Although this government has been in power for only two (2) years and remains fragile, facing several financial and humanitarian challenges, failure to commence investigations into the 2011 human rights violations is inexcusable because it requires limited commitment of financial resources. I agree, in totality, with the human rights activists from Yemen, Mr. Ezzedine Al-Asbahi, Mr. Yousuf Aburas, Mr. Arafat Alroufaid and Mrs. Bushra Alameiri, who all presented during the side meeting that the delay to start investigations into the 2011 human rights violations is evidence that this new government’s commitment to promote and protect human rights is still lacking.

It should be noted that the 2011 violations of human rights happened when peaceful demonstrators, civil society organizations, human rights activists and human rights defenders were exercising their right to assembly, speech and expression. Therefore, the delay to carry out investigations into these violations implies that the right of civil society organizations, human rights activists and defenders to assemble, express their opinion and to associate is still under threat as the perpetrators are yet to be held accountable and the victims are yet be offered any kind of redress. It is not surprising that serious threats to journalists, human rights activists and defenders still exist today as reported in the Human Rights Watch report (2013).

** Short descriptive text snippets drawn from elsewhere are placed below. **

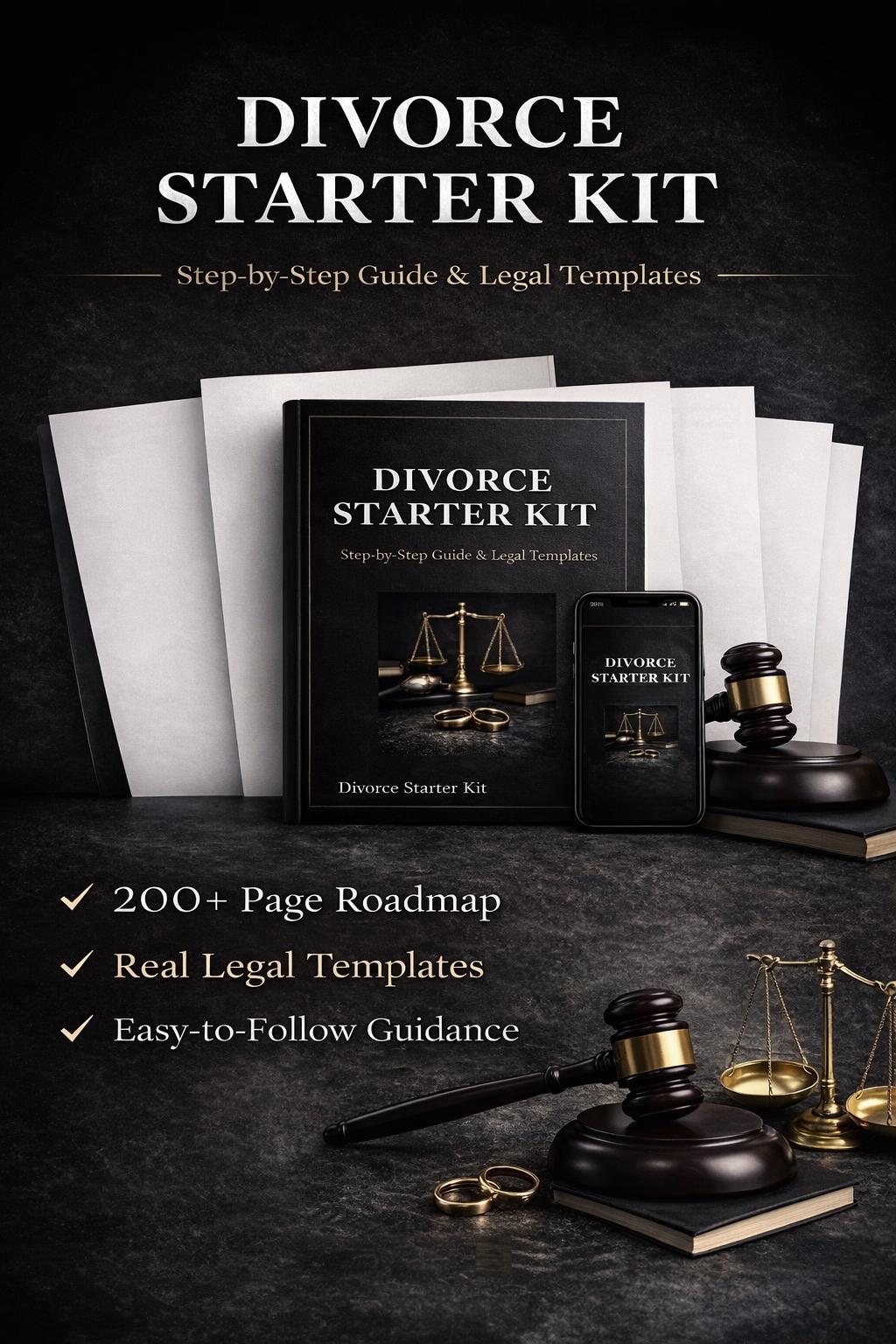 Unit 1-14: Divorce Starter Kit | Step-by-Step Legal Guide & Templates | Pro Se Divorce Workbook | Instant Download PDF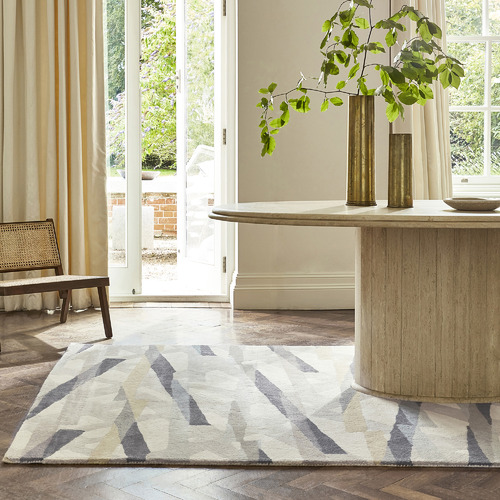Oyster Diffinity Hand-Tufted Pure New Wool Rug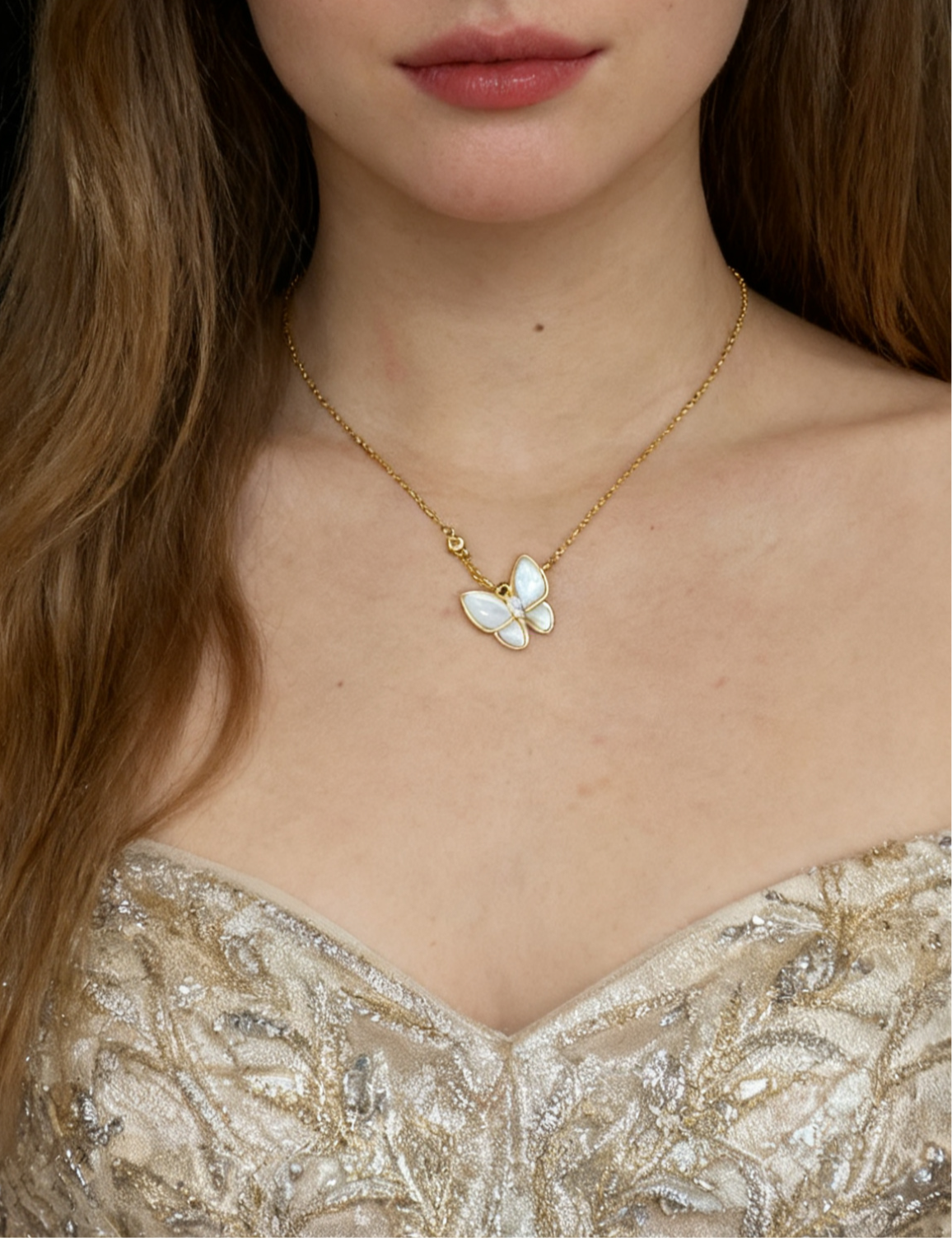 Collana Butterfly Kiss Madreperla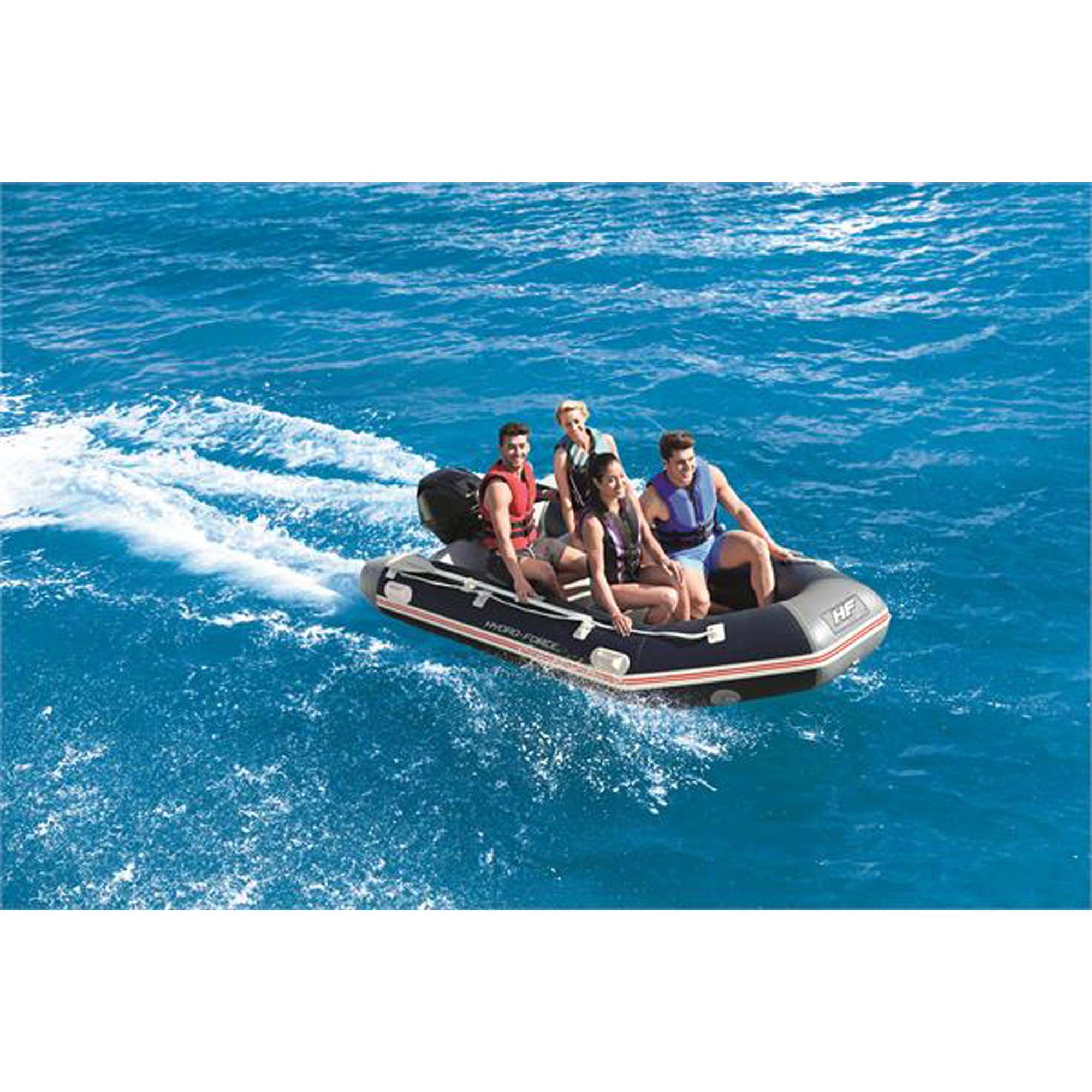 Blue 130 inch Inflatable Boat Raft with Oars T49455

According to the Draft report of the Working Group on the Universal Period Review and adopted by the said Working Group on 31 January 2014, Yemen accepted 165 recommendations, including the recommendations (by the Netherlands, Australia, Portugal and United Kingdom of Great Britain and Northern Ireland) on investigating into the 2011 human rights violations. This is welcome. However, if the people of Yemen and the international community are to believe the new government’s assurances that it is committed to promoting and protecting people’s human rights, it must, as a matter of urgency establish the independent commission to investigate into the 2011 human rights violations. This commission, after its establishment, should expeditiously carry out its work free of interference from the government, publish its findings and those found guilty of human rights violations be punished in accordance with the law. Hopefully this will be done before the 26th session of the UN Human Rights Council in June, 2014, where the Draft report of the Working Group will be adopted by UNHRC.